Abstract

Purpose: Applications of deformable image registration (DIR) often assume deformations to be correct everywhere in the patient volume of interest, but prior studies of DIR accuracy have been limited mostly to high‐contrast features in lung. This study examines DIR accuracy with respiration‐correlated CT (RCCT) images of software and physical deformable phantoms and with patient images in abdomen. Methods and Materials: DIR uses a fast free‐form algorithm, which minimizes an energy function consisting of pixel grayscale similarity and smoothness terms.
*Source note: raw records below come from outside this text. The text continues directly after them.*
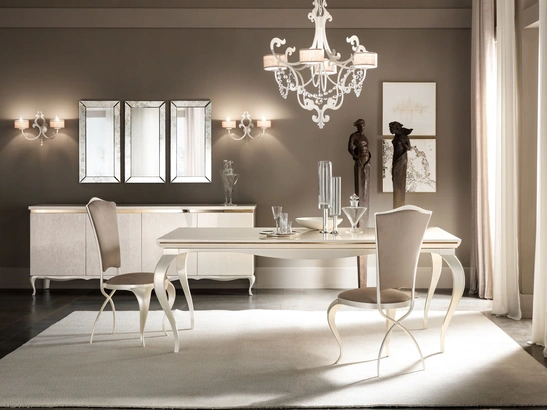 Sedia Ghirigori Imbottita di Cantori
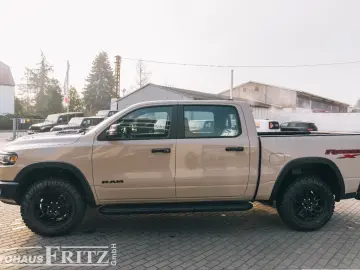 Dodge RAM 1500 Rebel X 4x4 - 3 0l I6 GT  Panoroof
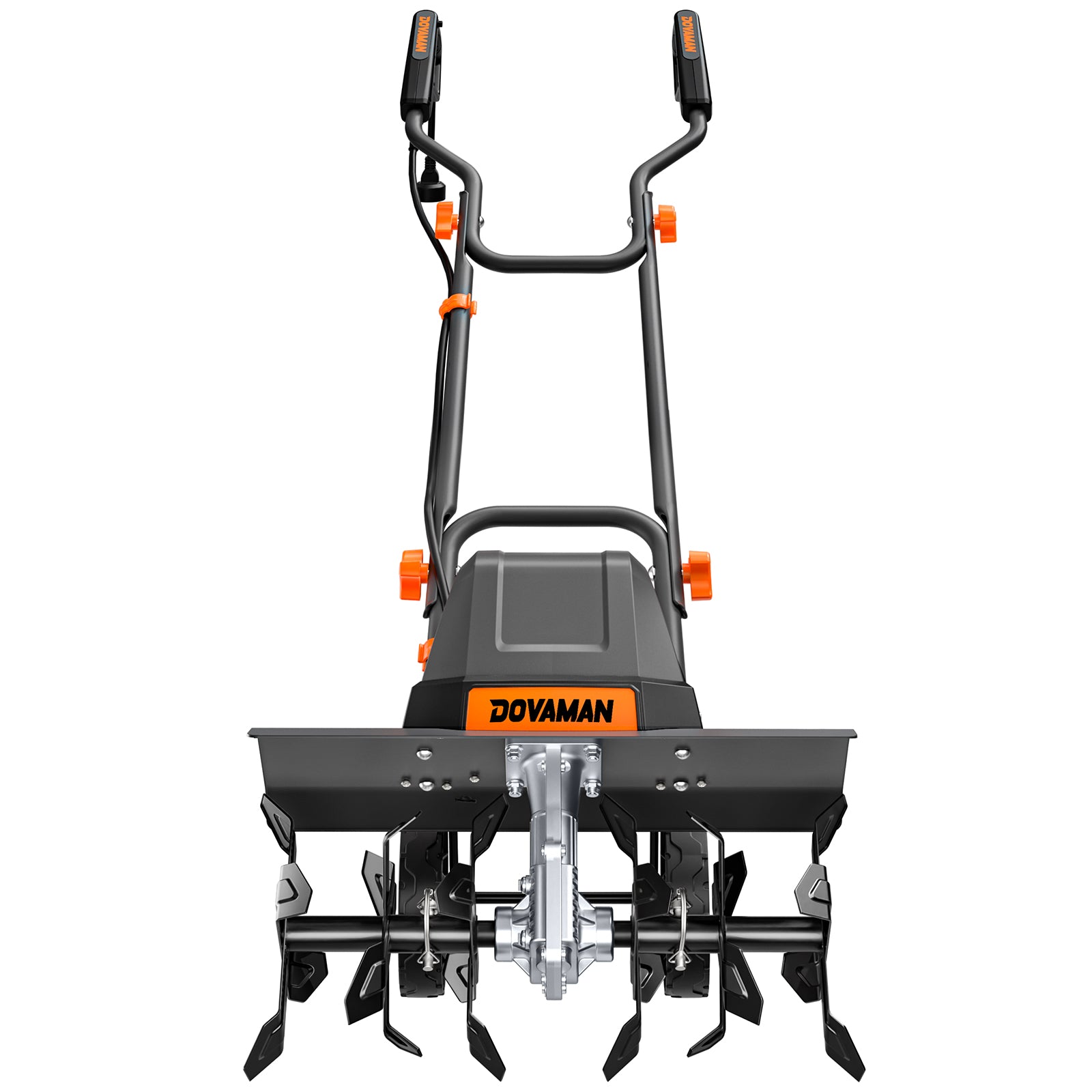 DOVAMAN T03 18-Inch Electric Garden Tiller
We evaluate its accuracy in 3 types of RCCT images: an anthropomorphic software phantom that models diaphragmatic contraction and chest expansion and whose known voxel displacements provide ground truth; a physical deformable abdominal phantom with implanted radiopaque markers; and patient data in which the motion between end expiration (EE) and end inspiration (EI) images of small low‐contrast features in or near the liver are compared to rigid registration as an approximate ground truth. Results: The mean 3D vector EE‐to‐EI discrepancy between DIR and ground truth displacement in software phantom is 4.5 mm in lung and 5.0 mm in abdomen. This is larger than that observed by comparing visible features in images alone. Mean 3D vector discrepancy is 6.1mm in physical phantom. In both phantoms, larger discrepancy appears to correlate with regions that lack visible features. In patient images, visible features in liver show good agreement between DIR prediction and ground truth, with mean 3D vector EE‐to‐EI discrepancy of 2.0 mm. Conclusions: Visible internal features in CTimages are important for guiding deformable registration. Radiotherapy applications that assume DIR is accurate throughout the volume may underestimate errors in regions lacking visible features. Results in patient images show that reasonable results can be obtained for features in abdomen. Research supported by NIH/NCI grant R01CA126993.